Gold Fields has survived many a strike and made many layoffs at their mines in South Africa. I hope that they, nevertheless, continue to support Wits.
In a log cabin overlooking a lake nestling in a glacial-carved valley, we chatted about asset management.
“If they layoff their head office staff, including the engineers, they will be unable to function,” was my opinion.
“Wrong,” the reply. “They are moving to an asset management structure. This means that the mine manager or their equivalent is made the mine asset manager. It is their role & responsibility to manage the asset, the mine, to maximum profit. Head office will merely own the asset and will demand a specific performance & profit. No more of that dictatorial oversight by head-office engineers. If those engineers want to earn a salary, let them sell themselves to the asset managers—in competition with commercial consultants.”
“Does that not put an emphasis on short-term profit?” I asked.

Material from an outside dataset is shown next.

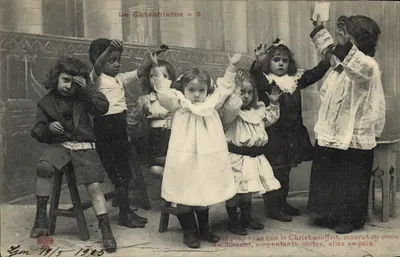 Bambini in catechismo — scena di catechismo — editore Yon, n°5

“Of course,” the reply. “But that is the best way for the asset owner and shareholders. It involves fair competition, the services of the most competent, and immediate returns on investment.”
“And what of the long term, including closure?” I asked.
“Sacrificed on the altar of immediate profit. If the government cannot set and enforce laws & regulations to get sufficient bonding and money for closure, that is their fault, and the consequence flows to the ultimate taxpayer.”
Oh dear! So we ordered another beer and drank to success and profit: three large houses; American investment property; luxury cars; first-class flights; and fancy meals.
I confess to all these sins—although the kids live in the American houses and drive the fancy cars—mine is five-years old and has no air conditioner or automatic locks. I bought a new cars for my recently-graduated daughter: a mere $16K; five-years repayment at zero percent interest; and full service & warranty included. That is having somebody else pay you to drive your car. The other daughter and spouse drive luxury hybrids.
Yet I struggle to reconcile these opposing pictures and clashing facts. I confess to spending large sums on books, CDs, DVDs, and magazines. Quite a bit too on courting and other associated pleasures. I drive a simple, old car; ride expensive bicycles; and drink terrible expensive liquor. Yet I instinctively subscribe to simplicity. I have not redecorated the house: the toilets are as installed when the house was built in 1975; the kitchen cupboards fell off years ago and I have not replaced them; the windows are single-pained (sic) and I put plastic over them in the winter; the floors are devoid of carpets and are painted with expensive floor-paint.
I travel a lot to see kids & grandkids. I confess to spending large sums at Target on them. Have you ever tried to outfit five kids for summer or winter at Target? Well over a thousand to do this, and this gets only simple basics. Damn me, I deserve a bottle of the best cognac after that shopping spree!
Mining is the source of the money I spend and squander. I am luck that even past 65 there are mines that value my advice. I grieve, however, for those thrown out of work when companies reduce staff and adopt & implement the asset-management approach. Those now out of work are like me: engineers of experience & skill. They are now fretting about balancing budgets and selling to new clients to pay to feed and educate kids.
That is the way of the world. That is the crash of the super-cycle of mining. That is free-market competition. That is growing old, saving, investing, and being frugal. In this new world?
CAUTION: Although the above is based on fact, much is fiction. I invent & distort conversations to make my point. Do not take any of this seriously and do not blame me if you know more. Afterall this is a blog, I am a blogger, and my aim is to entertain, challenge, and only incidentally inform.